From fb03e32475eb0bfd4ea8440a3fc7c81332bc721b Mon Sep 17 00:00:00 2001
From: Thomas Terhaar <uncletom@gmx.de>
Date: Fri, 16 Aug 2024 22:06:54 +0200
Subject: [PATCH 1/4] Improve resilience against malformed or corrupt documents

---
 .../src/PdfSharp/Pdf.Advanced/PdfTrailer.cs   | 140 ++++++++++++++++++
 .../src/PDFsharp/src/PdfSharp/Pdf.IO/Lexer.cs |  32 ++--
 .../PDFsharp/src/PdfSharp/Pdf.IO/Parser.cs    |   8 +-
 .../PDFsharp/src/PdfSharp/Pdf.IO/PdfReader.cs |   9 +-
 .../PDFsharp/src/PdfSharp/Pdf/PdfDocument.cs  |   2 +-
 .../PDFsharp/src/PdfSharp/Pdf/PdfString.cs    |   4 +-
 6 files changed, 173 insertions(+), 22 deletions(-)
diff --git a/src/foundation/src/PDFsharp/src/PdfSharp/Pdf.Advanced/PdfTrailer.cs b/src/foundation/src/PDFsharp/src/PdfSharp/Pdf.Advanced/PdfTrailer.cs
index 0cf6157a..9658c23c 100644
--- a/src/foundation/src/PDFsharp/src/PdfSharp/Pdf.Advanced/PdfTrailer.cs
+++ b/src/foundation/src/PDFsharp/src/PdfSharp/Pdf.Advanced/PdfTrailer.cs
@@ -4,6 +4,10 @@
 using PdfSharp.Pdf.IO;
 using PdfSharp.Pdf.Security;
 using PdfSharp.Pdf.Internal;
+using System.Text.RegularExpressions;
+using System.Text;
+using PdfSharp.Logging;
+using Microsoft.Extensions.Logging;
 
 namespace PdfSharp.Pdf.Advanced
 {
@@ -215,6 +219,142 @@ internal void Finish()
             _document.IrefTable.IsUnderConstruction = false;
         }
 
+        /// <summary>
+        /// Attempts to rebuild the trailer and iref-table if original ones seem to be corrupt
+        /// </summary>
+        /// <exception cref="PdfReaderException"></exception>
+        internal static PdfTrailer Rebuild(PdfDocument document, Stream stream, Parser parser)
+        {
+            PdfSharpLogHost.PdfReadingLogger.LogInformation("Attempt to rebuild trailer...");
+#if NET6_0_OR_GREATER
+            ArgumentNullException.ThrowIfNull(document, nameof(document));
+#else
+            if (document == null)
+                throw new ArgumentNullException(nameof(document));
+#endif
+            if (document._lexer == null)
+                throw new InvalidOperationException("Document must have a lexer set");
+
+            // TODO: for performance reasons, we would normally use static properties for the Regex
+            // (and Source-Generators for newer .Net Versions !)

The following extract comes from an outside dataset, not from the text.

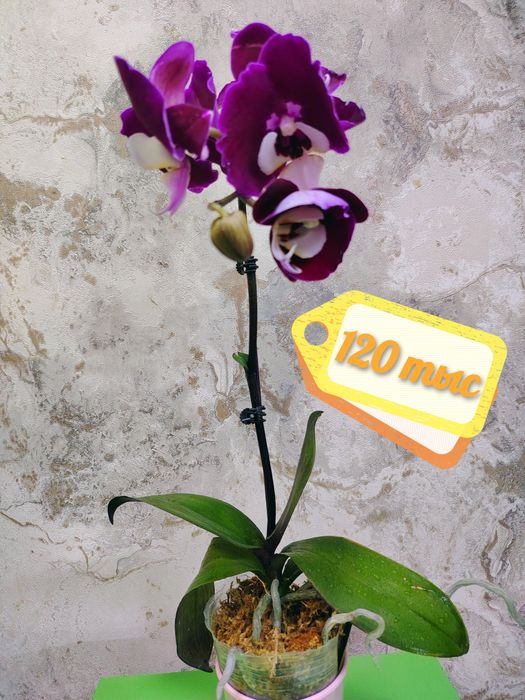 Phalaenopsis big lip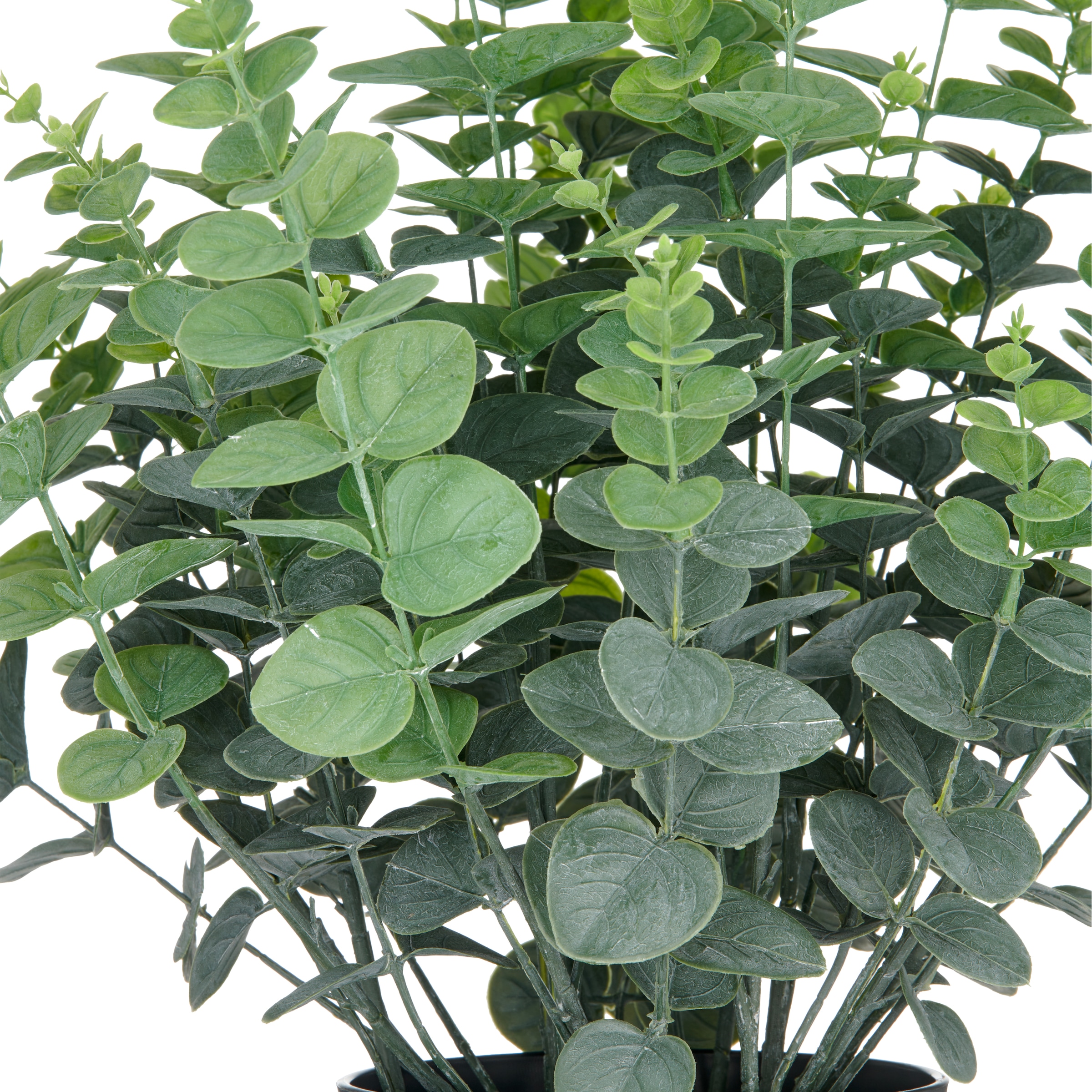 Creativ green Kunstpflanze »Eukalyptus gunnii« in UV-beständiger Ausführung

+            // but since this should be a one-time operation, we declare them inline for clarity)
+            
+            // start on an object, e.g. "1 0 obj"
+            var rxObjectStart = new Regex("\\b(?<num>\\d+)\\s+(?<gen>\\d+)\\s+obj\\b");
+            // start of a trailer, e.g. "trailer <<"
+            var rxTrailerStart = new Regex("\\btrailer\\s*<<");
+            var irefTable = new PdfCrossReferenceTable(document);
+            var trailerStart = 0L;
+            try
+            {
+                // scan the whole file and collect object-ids
+                stream.Position = 0;
+                var buffer = new byte[4096];
+                var nextStreamPos = stream.Position + 1;    // start of the next chunk
+                while (stream.Position < stream.Length)
+                {
+                    var bufStart = stream.Position;
+                    var readLength = stream.Read(buffer, 0, buffer.Length);
+                    var readString = Encoding.ASCII.GetString(buffer, 0, readLength);
+                    // search for objects
+                    var numObjectsFound = 0;
+                    var objectMatches = rxObjectStart.Matches(readString);
+                    foreach (Match match in objectMatches)
+                    {
+                        if (match.Success)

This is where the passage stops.